During the Christmas period I over heard two young women complaining on how hard life was compared with the past. It is a source of puzzlement to me that we are living in an age where most people live longer and healthier lives with access to modern health care and social services and yet seem to be unhappy. The number of prescriptions for antidepressants, as one indicator, increased by 28% from 34m in 2007-08 to 43.4m in 2010-11, according to the NHS information centre. For a majority though standards of living are better than they were 50 years. Work now does not have the physical dangers of a century ago in industries like coal mining. Even the shopping experience is superior to that encountered by people in the past. Greater choice, goods always in season in one place is to be expected and obtained today. In short for many the lives they live are far better and less hazardous than their ancestors lives.

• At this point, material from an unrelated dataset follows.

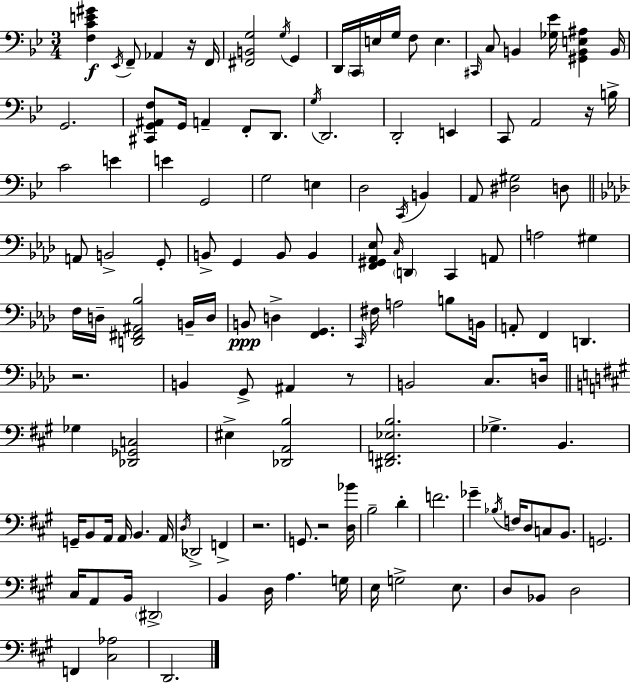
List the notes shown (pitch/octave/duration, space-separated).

[F3,C4,E4,G#4]/q Eb2/s F2/e Ab2/q R/s F2/s [F#2,B2,G3]/h G3/s G2/q D2/s C2/s E3/s G3/s F3/e E3/q. C#2/s C3/e B2/q [Gb3,Eb4]/s [G#2,B2,E3,A#3]/q B2/s G2/h. [C#2,G2,A#2,F3]/e G2/s A2/q F2/e D2/e. G3/s D2/h. D2/h E2/q C2/e A2/h R/s B3/s C4/h E4/q E4/q G2/h G3/h E3/q D3/h C2/s B2/q A2/e [D#3,G#3]/h D3/e A2/e B2/h G2/e B2/e G2/q B2/e B2/q [F2,G#2,Ab2,Eb3]/e C3/s D2/q C2/q A2/e A3/h G#3/q F3/s D3/s [D2,F#2,A#2,Bb3]/h B2/s D3/s B2/e D3/q [F2,G2]/q. C2/s F#3/s A3/h B3/e B2/s A2/e F2/q D2/q. R/h. B2/q G2/e A#2/q R/e B2/h C3/e. D3/s Gb3/q [Db2,Gb2,C3]/h EIS3/q [Db2,A2,B3]/h [D#2,F2,Eb3,B3]/h. Gb3/q. B2/q. G2/s B2/e A2/s A2/s B2/q. A2/s D3/s Db2/h F2/q R/h. G2/e. R/h [D3,Bb4]/s B3/h D4/q F4/h. Gb4/q Bb3/s F3/s D3/e C3/e B2/e. G2/h. C#3/s A2/e B2/s D#2/h B2/q D3/s A3/q. G3/s E3/s G3/h E3/e. D3/e Bb2/e D3/h F2/q [C#3,Ab3]/h D2/h.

The picture that heads this article is that of my grand mother Hannah Sherwin born in 1890. The picture was taken in 1918. Her history serves as a crushing rejoinder to those today who bemoan their lot. By her teens both her parents were dead and she was left to bring up 4 siblings. A brother and a sister died in a typhoid outbreak after playing in a polluted area in Hanley in 1912. Four relatives including a beloved brother- George Mitchell- were killed in the trenches of the First World War. Her first husband Harry Cartwright who she married at Milton Church in 1917 died of wounds the year later in France two weeks before the end of the war. Afterwards she met and married my grandfather whose illnesses and wounds received serving in the 7th North Staffs in Mesopotamia shortened his life. Both lived through the dangers of the Second War including bombing of the steelworks close to where they lived. Their sons served in the forces, safely returning.  I barely knew my grandparents who both died in 1958 when I was 3.

I suppose the strains of modern life are exacerbated by the loss of community and the needs for individuals to succeed, but no one can convince me that queuing up in a supermarket is as stressful as charging across a muddy field against German machine guns.